DIRECTIONS:
Please repeat, exactly as they stand, the line containing "vintage version of" and the lines after it through the final line of the listing below, minus pictures.
SUPPLIED DATA Block Start
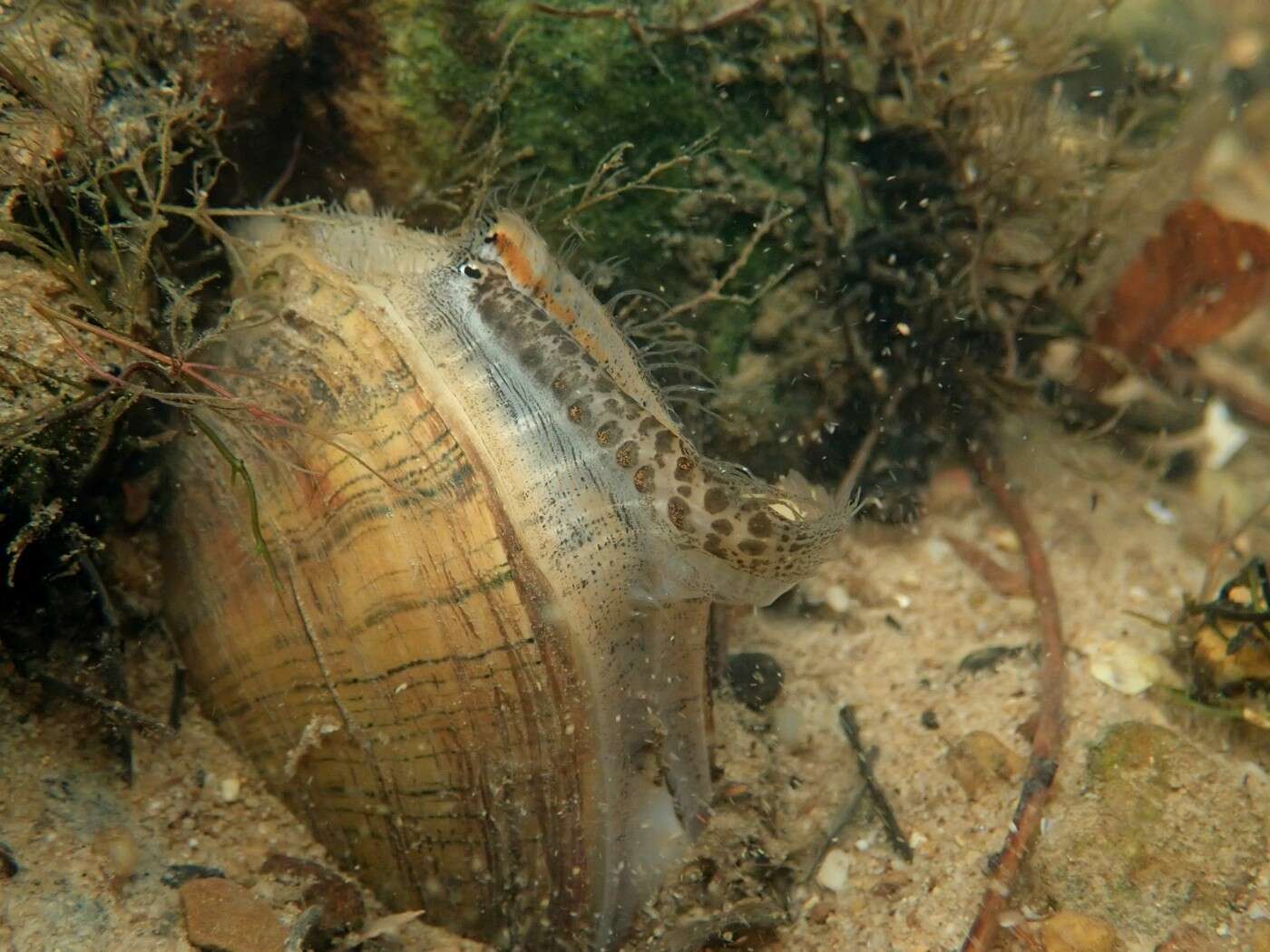 Image of Wavyrayed Lampmussel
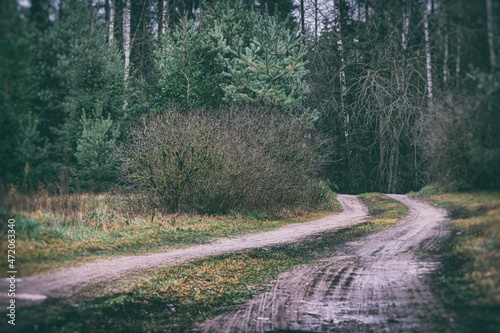 vintage version of country driveway in rainy autumn day, forest ahead, leafless lilac bushes on left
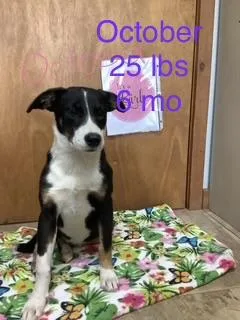 A young medium-sized female Rat Terrier dog named October for adoption in Welling, OK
SUPPLIED DATA Block End
EXERCISE OUTPUT:
 vintage version of country driveway in rainy autumn day, forest ahead, leafless lilac bushes on left
 A young medium-sized female Rat Terrier dog named October for adoption in Welling, OK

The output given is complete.